3. Text mining. Organizations use text mining to view e-mail as a source of evidence of fraud. Also, analysis of such free-form text is being used to better understand feedback about companies' products and services.
4. Sentiment monitoring. Companies can track fluctuations in brand image and gauge customer opinions by mining relevant opinions about themselves and their products on the Internet. Language-analyzing applications can distinguish the opinions as positive, negative or neutral.
5. Voice mining. Calls can be monitored to help manage the customer experience more efficiently. Voice detection can identify heightened stress levels, periods of silence, interruptions, talk-over, etc., which can help resolve issues such as poor service, product deficiencies or inadequate training of call center personnel.
6. Video analysis. With about 25 million surveillance cameras worldwide, businesses are mining video for applications such as product placement and promotion. Live video streams can be monitored throughout a store using object recognition techniques. By identifying products on the shelf, businesses can restock quickly, gain insight into product life cycles and ensure in-store promotions are implemented.

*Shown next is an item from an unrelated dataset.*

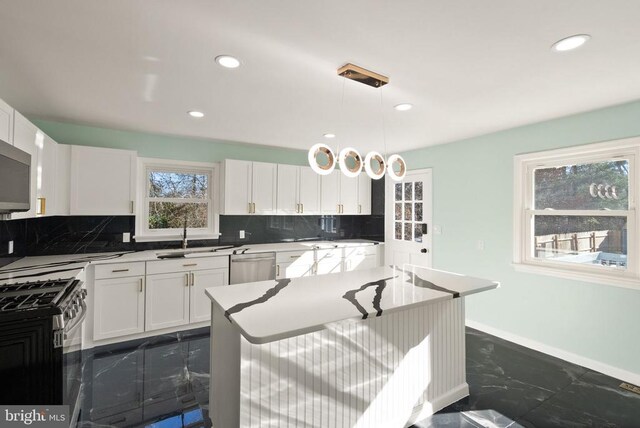 kitchen featuring tasteful backsplash, appliances with stainless steel finishes, marble finish floor, white cabinetry, and a sink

Whether seeking to generate new revenue, cut costs or manage risk, businesses plan to expand their use of analytics to improve performance. Two-thirds of executives surveyed by Accenture say their company must improve its analytical capabilities to remain competitive. To meet the growing demand, technology and capabilities will continue to evolve.
Organizations should look to expand their basic operational reporting capabilities—commonly referred to as business intelligence (BI)—and increase their use of analytics. Analytics can help identify opportunities for creating new business models, improving customer retention, understanding marketing effectiveness, confirming competitive threats and improving internal operational efficiencies.